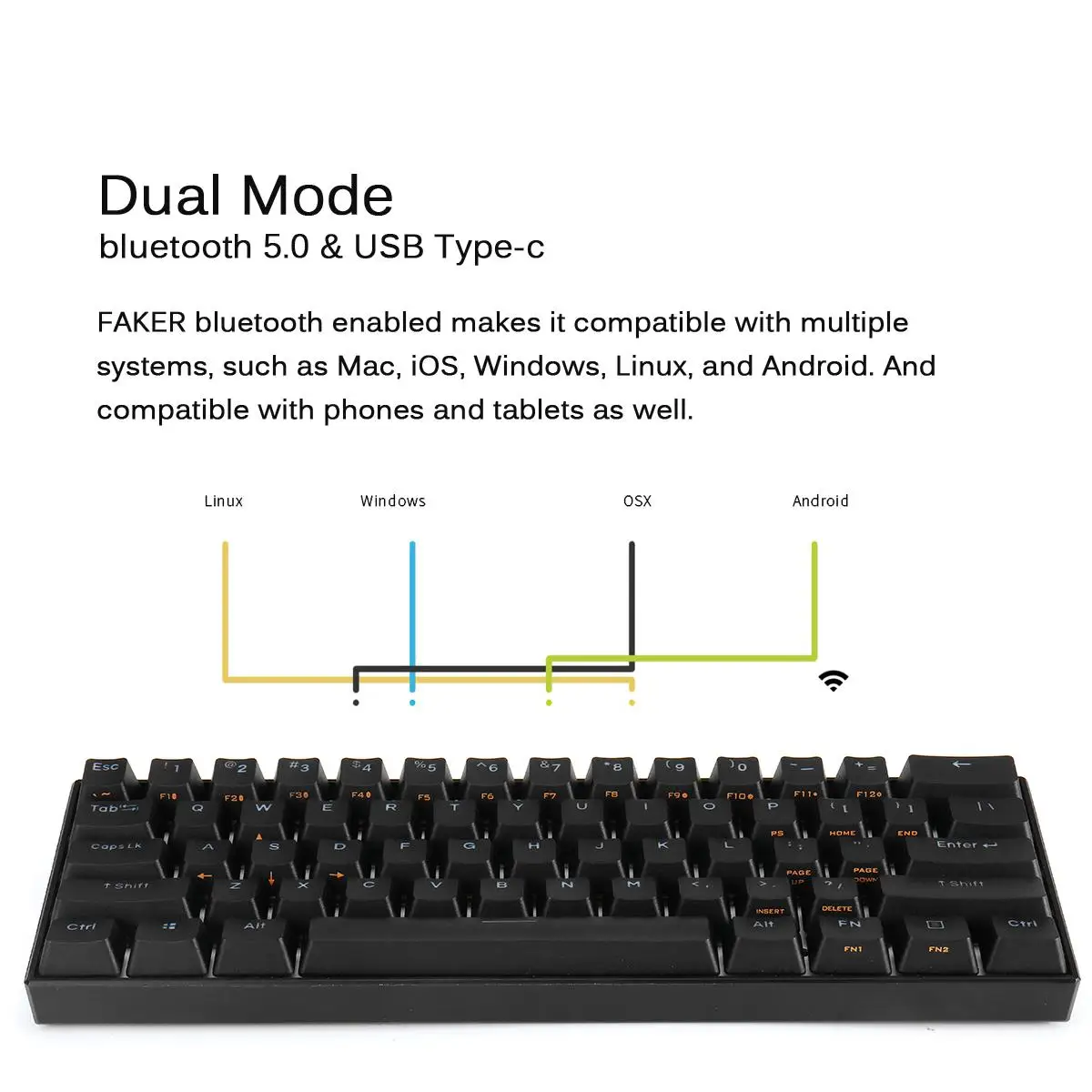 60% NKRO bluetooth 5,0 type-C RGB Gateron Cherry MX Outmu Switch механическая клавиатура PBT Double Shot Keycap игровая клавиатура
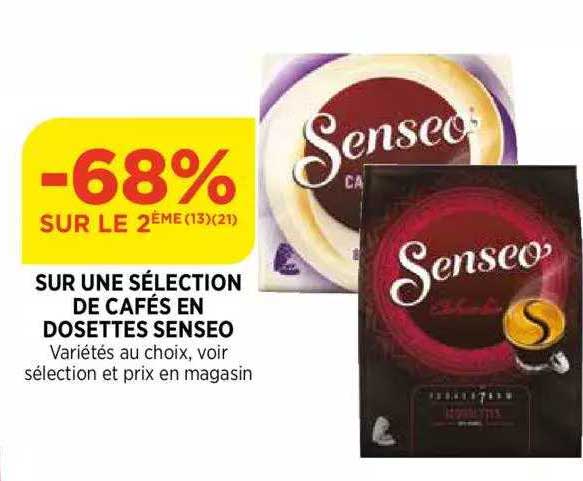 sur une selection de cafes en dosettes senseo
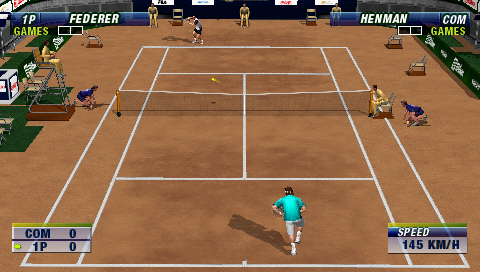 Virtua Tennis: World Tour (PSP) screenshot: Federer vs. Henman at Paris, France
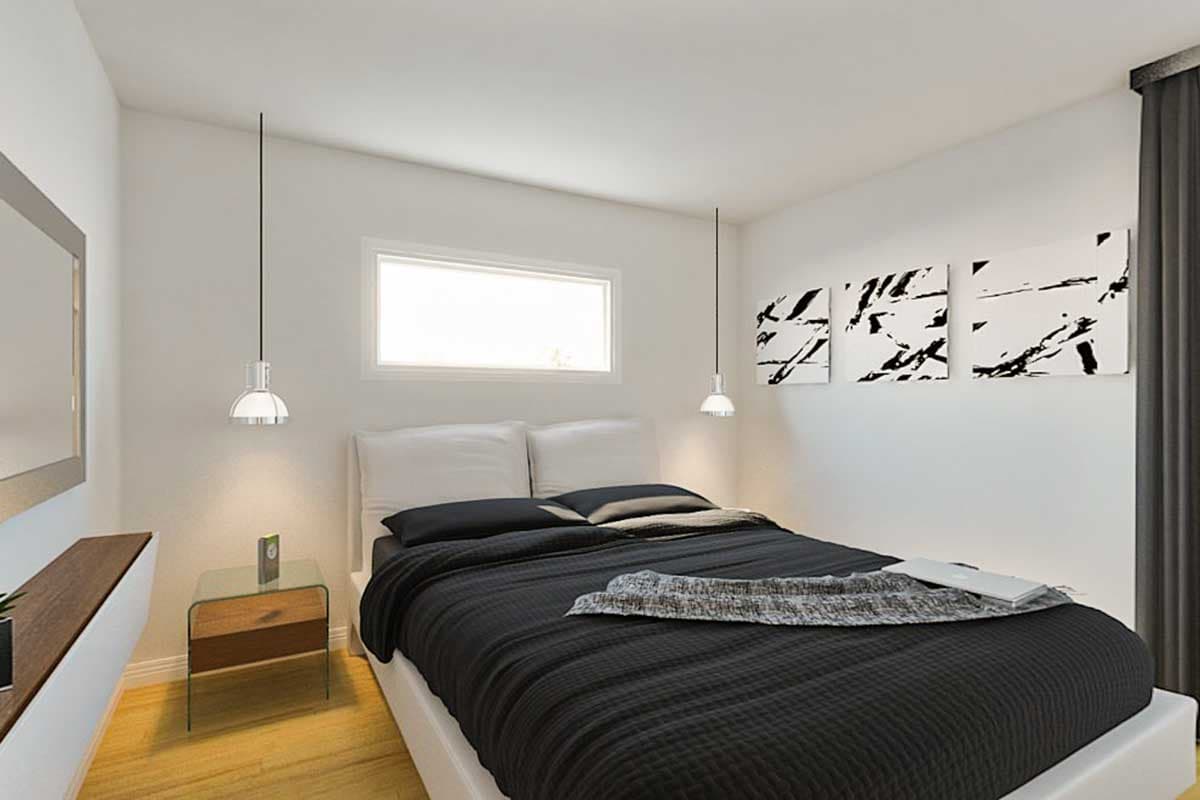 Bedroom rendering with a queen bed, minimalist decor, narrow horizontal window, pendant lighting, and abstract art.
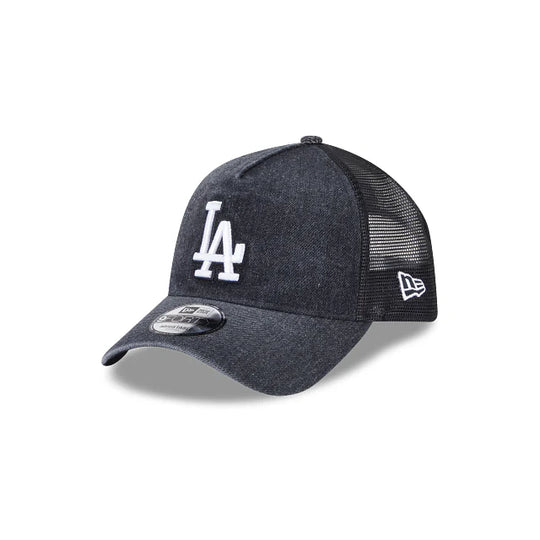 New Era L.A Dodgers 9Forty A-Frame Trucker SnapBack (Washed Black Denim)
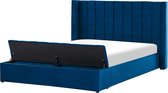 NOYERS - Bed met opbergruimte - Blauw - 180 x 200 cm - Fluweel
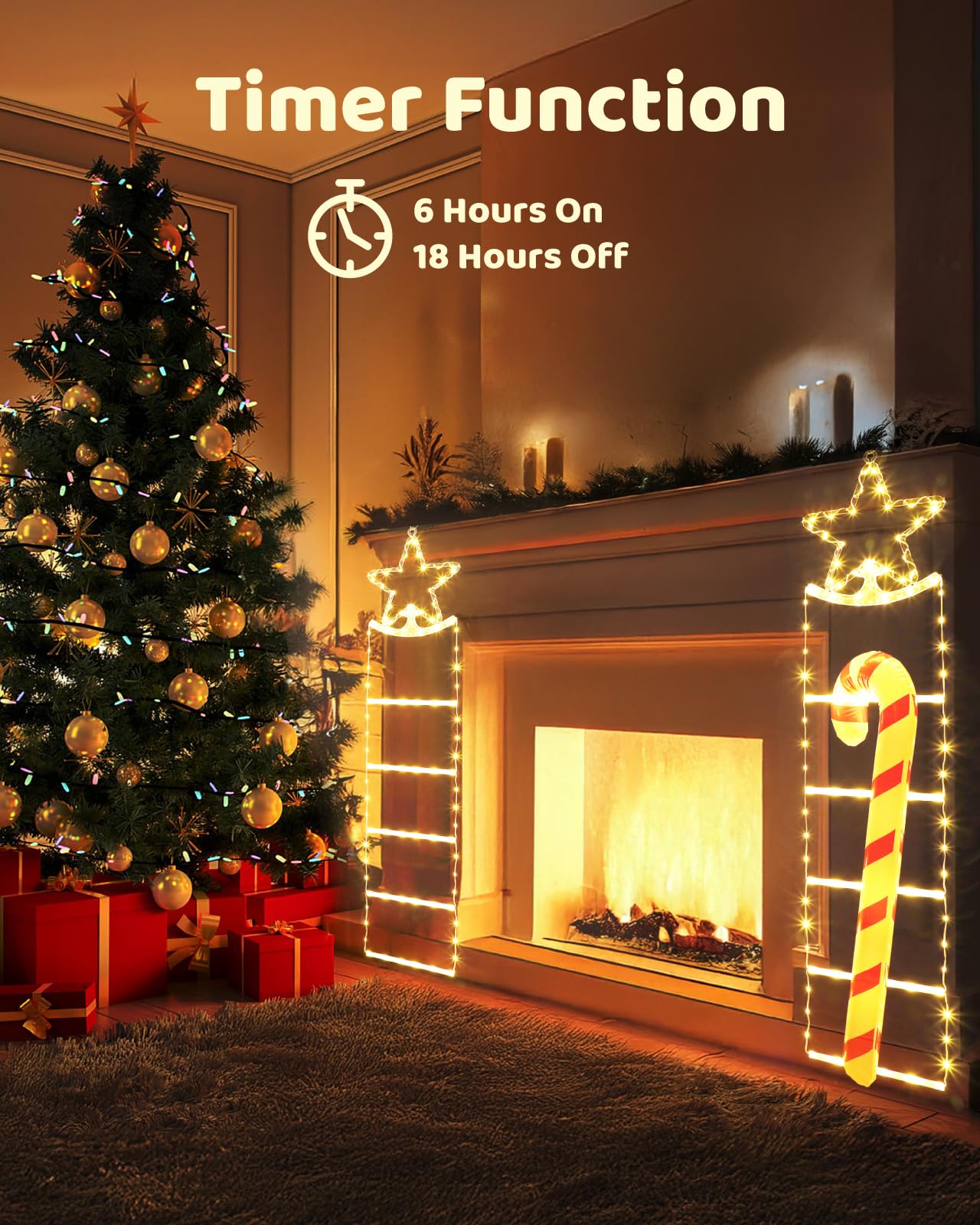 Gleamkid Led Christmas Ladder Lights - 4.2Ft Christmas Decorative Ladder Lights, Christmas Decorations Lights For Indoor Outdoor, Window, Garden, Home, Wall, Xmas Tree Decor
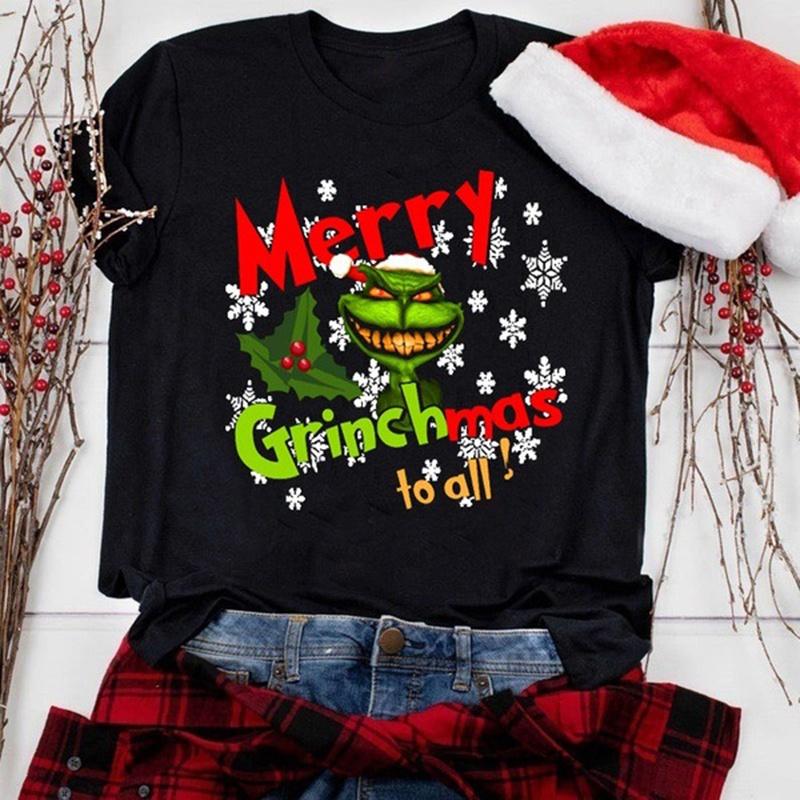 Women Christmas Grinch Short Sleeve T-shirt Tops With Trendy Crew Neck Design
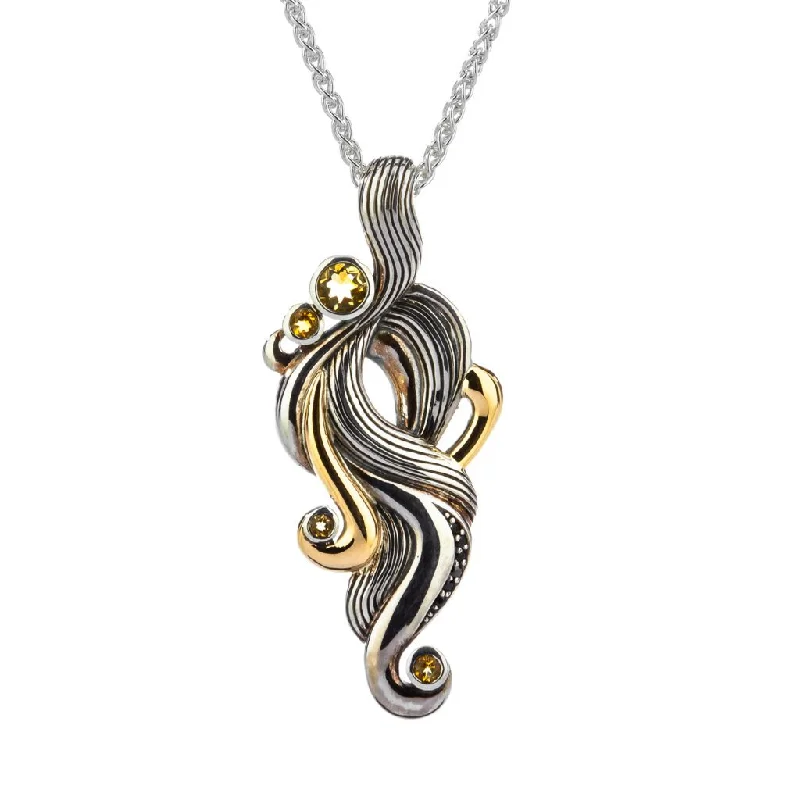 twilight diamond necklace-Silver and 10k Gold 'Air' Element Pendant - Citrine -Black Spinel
· · · · ·
**Work to complete:**
Restate all of the data word for word and include no pictures.

**Response area:**
 60% NKRO bluetooth 5,0 type-C RGB Gateron Cherry MX Outmu Switch механическая клавиатура PBT Double Shot Keycap игровая клавиатура
 sur une selection de cafes en dosettes senseo
 Virtua Tennis: World Tour (PSP) screenshot: Federer vs. Henman at Paris, France
 Bedroom rendering with a queen bed, minimalist decor, narrow horizontal window, pendant lighting, and abstract art.
 New Era L.A Dodgers 9Forty A-Frame Trucker SnapBack (Washed Black Denim)
 NOYERS - Bed met opbergruimte - Blauw - 180 x 200 cm - Fluweel
 Gleamkid Led Christmas Ladder Lights - 4.2Ft Christmas Decorative Ladder Lights, Christmas Decorations Lights For Indoor Outdoor, Window, Garden, Home, Wall, Xmas Tree Decor
 Women Christmas Grinch Short Sleeve T-shirt Tops With Trendy Crew Neck Design
 twilight diamond necklace-Silver and 10k Gold 'Air' Element Pendant - Citrine -Black Spinel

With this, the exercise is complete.